The derivative tells you the slope at any point.
df/dx = 8 x^3 - 12 x
When x = 3, the slope is
m = 8*27 - 36 = 180
and the equation of the tangent line is
(y - 228) = 180*(x - 3)
y = 180 x - 540 + 228 = 180 x - 312
wow, that was absolutely correct (i just plugged it into webassign), thanks a lot!!
please just help me to understand the last part though for the test, where did you get the (y-228) = 180*(x-3)?

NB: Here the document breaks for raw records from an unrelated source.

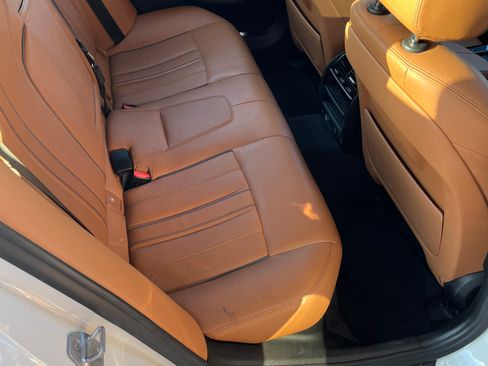 Used 2018 BMW 540i RWD image 15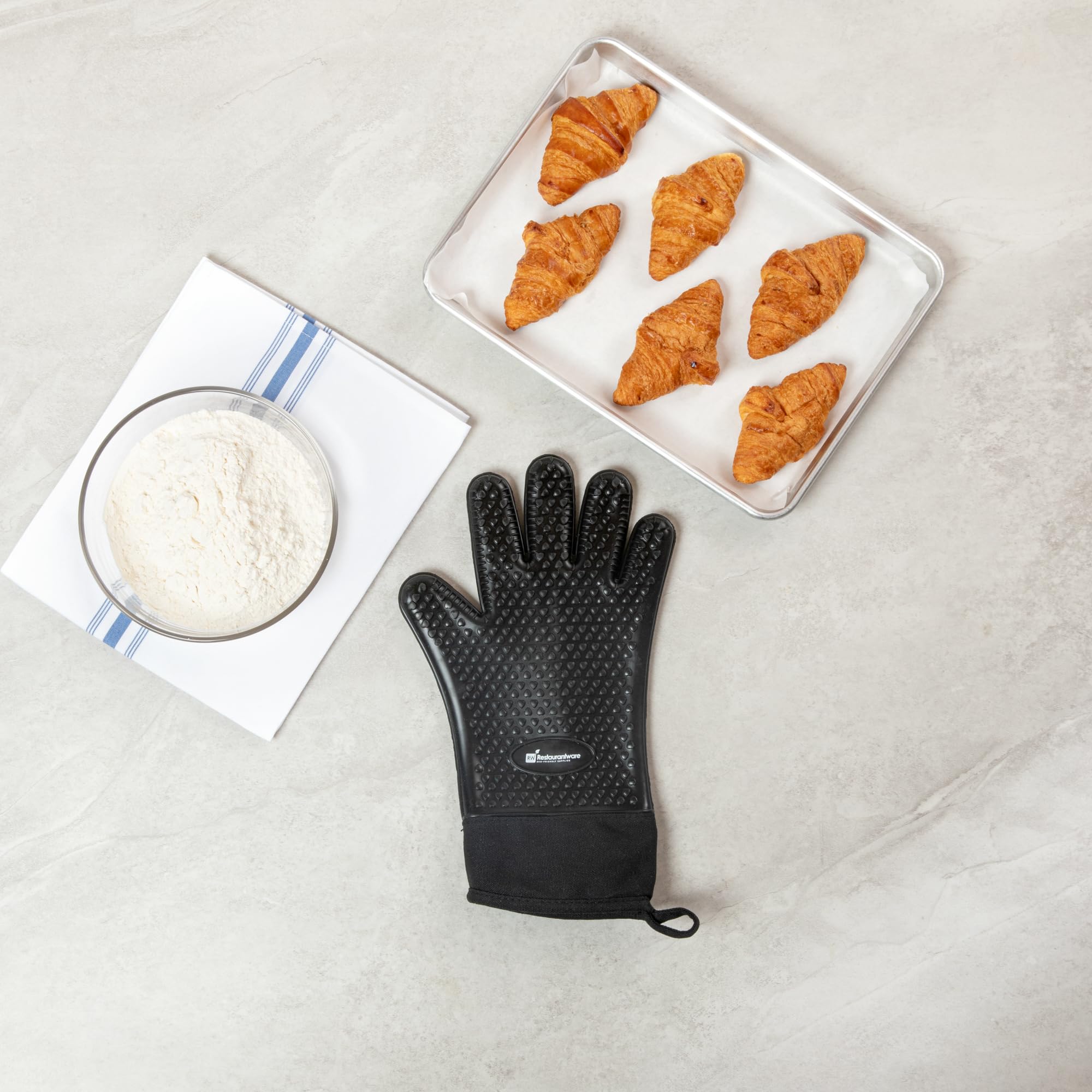 Heat-Resistant Silicone Oven Mitt - 13 x 7.5 Inch Cotton-Lined Baking Glove, Withstands Up to 446°F - Perfect for Baking, Grilling, and Handling Hot Cookware in the Kitchen
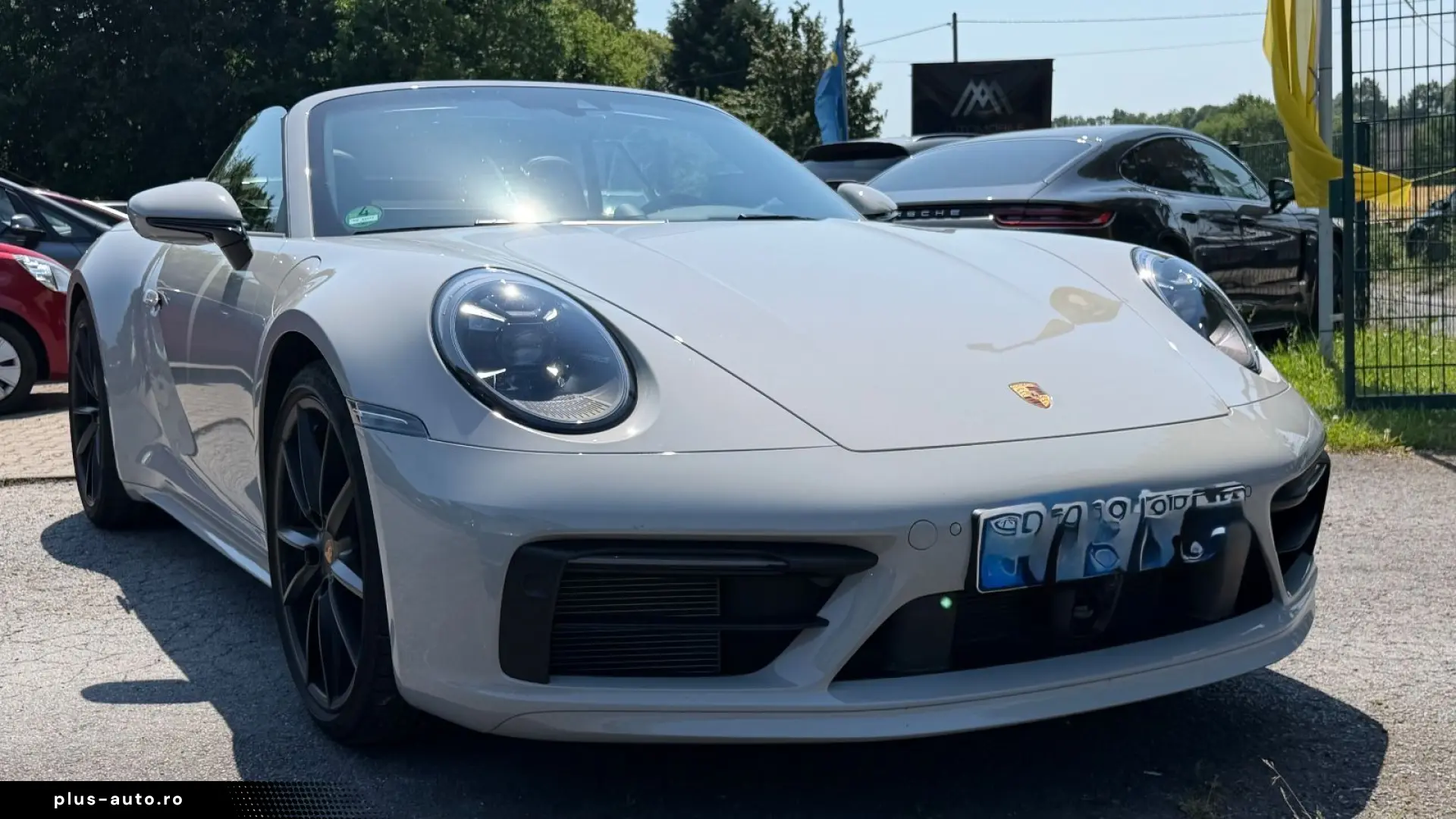 PORSCHE 992 Carrera 4 Cabriolet CHRONO APPROVED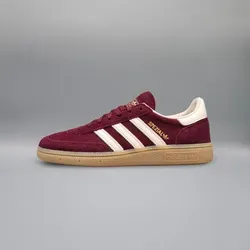 Adidas Handball Spezial Damen Sneaker Burgunderrot - Größe 42 EU - Stylische Damen Sneaker in Burgunderrot aus hochwertigem Wildleder, ideal für den täglichen Gebrauch. Der Gummi-Laufsohlen bietet optimalen Halt und Komfort.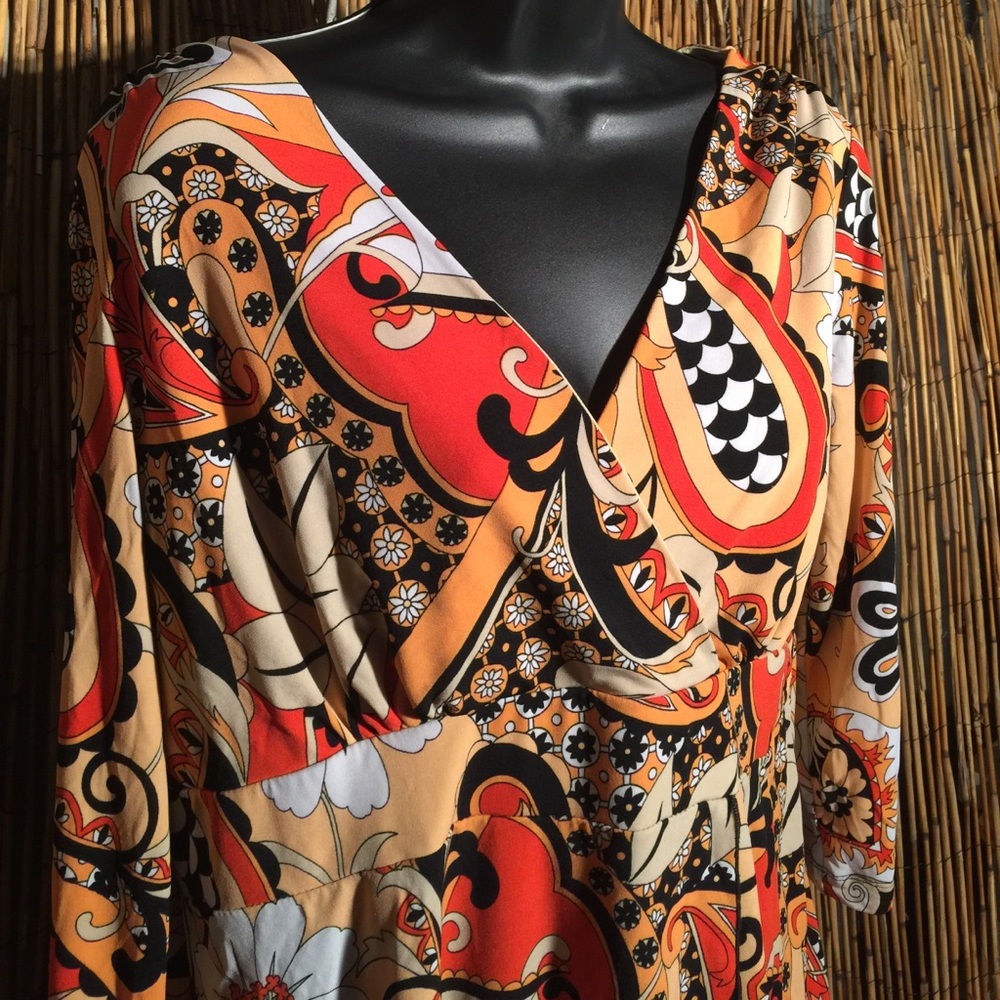 Dress Barn large bold orange black top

Find the equation of the line that is tangent to the graph of f(x) = 2x4 - 6x2 + 120 at the point (3, 228).
y=?
The equation for a line with slope m through points x = a and y = b is
(y- b)= m (x - a)
That is where the formula came from.
To find the equation of the tangent line at the point (3, 228), we can use the formula for a line with slope m through points x = a and y = b, which is:
(y - b) = m(x - a)
In this case, a = 3 and b = 228. We need to find the slope, which is the derivative of the function f(x). The derivative of f(x) = 2x^4 - 6x^2 + 120 is:
df/dx = 8x^3 - 12x
To find the slope at x = 3, substitute x = 3 into the derivative:
m = 8(3^3) - 12(3)
= 180
Now we have the slope, which is m = 180. Using the formula for the tangent line, we can substitute the slope and the point (3, 228):
(y - 228) = 180(x - 3)
This is the equation of the tangent line. Simplifying it further, we can write it in the standard form:
y - 228 = 180x - 540
y = 180x - 312
So the equation of the tangent line is y = 180x - 312.